▶ Data supplied
-- -- --

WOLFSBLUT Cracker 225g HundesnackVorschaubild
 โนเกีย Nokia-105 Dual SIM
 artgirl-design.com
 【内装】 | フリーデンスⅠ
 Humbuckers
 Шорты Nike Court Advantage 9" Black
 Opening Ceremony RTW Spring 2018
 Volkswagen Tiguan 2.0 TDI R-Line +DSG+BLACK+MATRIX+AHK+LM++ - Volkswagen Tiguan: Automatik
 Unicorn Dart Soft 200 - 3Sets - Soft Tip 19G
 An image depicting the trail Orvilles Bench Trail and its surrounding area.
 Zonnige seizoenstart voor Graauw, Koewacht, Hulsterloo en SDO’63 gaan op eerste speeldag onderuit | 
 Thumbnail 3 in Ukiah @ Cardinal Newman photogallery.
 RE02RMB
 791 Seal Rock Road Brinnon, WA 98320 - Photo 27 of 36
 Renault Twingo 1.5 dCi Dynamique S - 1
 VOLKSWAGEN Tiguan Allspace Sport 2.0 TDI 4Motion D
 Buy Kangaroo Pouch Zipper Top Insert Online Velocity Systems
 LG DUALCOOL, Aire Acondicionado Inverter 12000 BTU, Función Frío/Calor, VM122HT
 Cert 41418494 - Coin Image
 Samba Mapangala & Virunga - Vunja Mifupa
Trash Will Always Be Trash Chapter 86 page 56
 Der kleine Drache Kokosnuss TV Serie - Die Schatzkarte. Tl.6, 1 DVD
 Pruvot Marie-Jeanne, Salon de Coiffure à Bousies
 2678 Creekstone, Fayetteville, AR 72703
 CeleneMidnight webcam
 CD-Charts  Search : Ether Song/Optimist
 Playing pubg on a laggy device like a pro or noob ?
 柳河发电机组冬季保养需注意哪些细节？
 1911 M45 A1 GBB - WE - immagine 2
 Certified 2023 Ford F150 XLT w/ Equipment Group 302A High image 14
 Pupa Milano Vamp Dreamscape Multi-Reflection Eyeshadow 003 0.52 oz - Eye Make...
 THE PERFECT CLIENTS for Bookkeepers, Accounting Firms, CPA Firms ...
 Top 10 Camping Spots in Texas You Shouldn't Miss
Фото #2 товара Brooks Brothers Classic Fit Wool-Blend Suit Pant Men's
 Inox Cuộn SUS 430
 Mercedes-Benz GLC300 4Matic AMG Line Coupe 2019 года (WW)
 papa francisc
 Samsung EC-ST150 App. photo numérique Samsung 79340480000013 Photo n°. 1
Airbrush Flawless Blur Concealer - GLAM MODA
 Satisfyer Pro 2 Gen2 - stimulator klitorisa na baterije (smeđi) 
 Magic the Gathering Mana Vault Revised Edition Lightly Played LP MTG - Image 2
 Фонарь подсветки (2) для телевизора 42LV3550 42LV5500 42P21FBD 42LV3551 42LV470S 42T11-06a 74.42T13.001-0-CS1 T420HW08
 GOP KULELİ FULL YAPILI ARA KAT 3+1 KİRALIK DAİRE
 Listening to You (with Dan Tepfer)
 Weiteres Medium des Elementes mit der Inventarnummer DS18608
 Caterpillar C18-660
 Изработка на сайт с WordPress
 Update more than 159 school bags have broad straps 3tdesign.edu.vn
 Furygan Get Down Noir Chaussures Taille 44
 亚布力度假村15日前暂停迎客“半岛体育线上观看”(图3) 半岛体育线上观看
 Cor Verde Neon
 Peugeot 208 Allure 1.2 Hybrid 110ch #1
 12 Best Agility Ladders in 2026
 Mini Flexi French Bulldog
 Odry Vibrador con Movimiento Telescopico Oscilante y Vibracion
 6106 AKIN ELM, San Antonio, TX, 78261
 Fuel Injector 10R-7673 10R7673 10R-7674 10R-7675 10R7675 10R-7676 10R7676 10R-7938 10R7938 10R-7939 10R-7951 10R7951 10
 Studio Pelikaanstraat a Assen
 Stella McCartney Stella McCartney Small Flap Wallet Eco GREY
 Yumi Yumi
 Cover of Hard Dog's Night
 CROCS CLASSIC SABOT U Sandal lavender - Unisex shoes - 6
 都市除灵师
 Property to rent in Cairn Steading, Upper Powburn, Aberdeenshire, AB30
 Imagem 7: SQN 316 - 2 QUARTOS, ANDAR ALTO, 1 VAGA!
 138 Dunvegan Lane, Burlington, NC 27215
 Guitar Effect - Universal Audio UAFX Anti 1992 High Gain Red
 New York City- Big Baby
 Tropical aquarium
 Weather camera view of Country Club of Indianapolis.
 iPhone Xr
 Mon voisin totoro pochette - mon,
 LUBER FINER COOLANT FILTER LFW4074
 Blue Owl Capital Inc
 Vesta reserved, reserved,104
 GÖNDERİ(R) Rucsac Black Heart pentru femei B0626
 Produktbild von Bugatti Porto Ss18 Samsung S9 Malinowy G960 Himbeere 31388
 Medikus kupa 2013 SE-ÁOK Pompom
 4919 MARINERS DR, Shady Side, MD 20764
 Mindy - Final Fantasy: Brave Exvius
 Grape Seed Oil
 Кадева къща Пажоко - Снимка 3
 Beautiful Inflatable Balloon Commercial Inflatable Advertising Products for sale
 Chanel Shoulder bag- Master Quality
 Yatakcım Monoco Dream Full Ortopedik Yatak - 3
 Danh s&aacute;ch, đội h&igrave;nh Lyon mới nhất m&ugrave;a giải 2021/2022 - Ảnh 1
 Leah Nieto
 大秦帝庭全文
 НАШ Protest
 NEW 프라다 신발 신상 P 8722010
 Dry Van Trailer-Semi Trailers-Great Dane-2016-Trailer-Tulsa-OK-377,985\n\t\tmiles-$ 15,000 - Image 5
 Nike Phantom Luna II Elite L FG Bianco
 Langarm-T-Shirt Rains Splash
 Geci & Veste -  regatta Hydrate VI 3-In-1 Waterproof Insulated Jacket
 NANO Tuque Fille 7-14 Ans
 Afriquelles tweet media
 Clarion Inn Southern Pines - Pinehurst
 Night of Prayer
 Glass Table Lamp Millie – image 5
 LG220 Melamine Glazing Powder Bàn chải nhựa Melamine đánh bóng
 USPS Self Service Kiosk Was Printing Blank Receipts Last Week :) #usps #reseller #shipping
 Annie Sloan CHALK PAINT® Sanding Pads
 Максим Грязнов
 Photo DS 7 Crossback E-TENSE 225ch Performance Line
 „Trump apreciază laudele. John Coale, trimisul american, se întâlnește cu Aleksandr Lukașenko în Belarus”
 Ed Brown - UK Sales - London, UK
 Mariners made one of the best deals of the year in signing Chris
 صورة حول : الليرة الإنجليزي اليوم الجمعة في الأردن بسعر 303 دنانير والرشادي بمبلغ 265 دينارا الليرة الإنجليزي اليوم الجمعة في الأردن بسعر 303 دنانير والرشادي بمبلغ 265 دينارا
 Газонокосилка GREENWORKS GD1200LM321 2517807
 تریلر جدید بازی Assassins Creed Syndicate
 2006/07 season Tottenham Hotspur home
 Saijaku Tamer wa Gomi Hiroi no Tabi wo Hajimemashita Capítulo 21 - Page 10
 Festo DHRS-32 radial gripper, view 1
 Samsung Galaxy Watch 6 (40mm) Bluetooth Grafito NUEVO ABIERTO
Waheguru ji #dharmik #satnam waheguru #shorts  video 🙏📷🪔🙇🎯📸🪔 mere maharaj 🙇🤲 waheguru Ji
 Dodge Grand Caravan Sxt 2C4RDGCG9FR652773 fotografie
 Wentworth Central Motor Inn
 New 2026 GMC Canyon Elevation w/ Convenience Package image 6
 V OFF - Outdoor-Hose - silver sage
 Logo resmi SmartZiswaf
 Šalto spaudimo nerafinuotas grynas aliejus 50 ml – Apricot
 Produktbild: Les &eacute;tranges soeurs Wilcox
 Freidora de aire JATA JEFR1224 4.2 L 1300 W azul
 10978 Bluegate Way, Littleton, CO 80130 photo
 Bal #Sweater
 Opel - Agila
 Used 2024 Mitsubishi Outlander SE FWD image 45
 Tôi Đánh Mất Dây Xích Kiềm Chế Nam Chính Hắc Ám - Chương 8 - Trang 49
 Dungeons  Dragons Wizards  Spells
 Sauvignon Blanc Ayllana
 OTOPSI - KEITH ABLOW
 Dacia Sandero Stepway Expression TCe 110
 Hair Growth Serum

-- -- --

▶ What to do
Filter the listing above for lines with the word "Nike", and copy each one you find.

▶ Expected answer
 Шорты Nike Court Advantage 9" Black
 Nike Phantom Luna II Elite L FG Bianco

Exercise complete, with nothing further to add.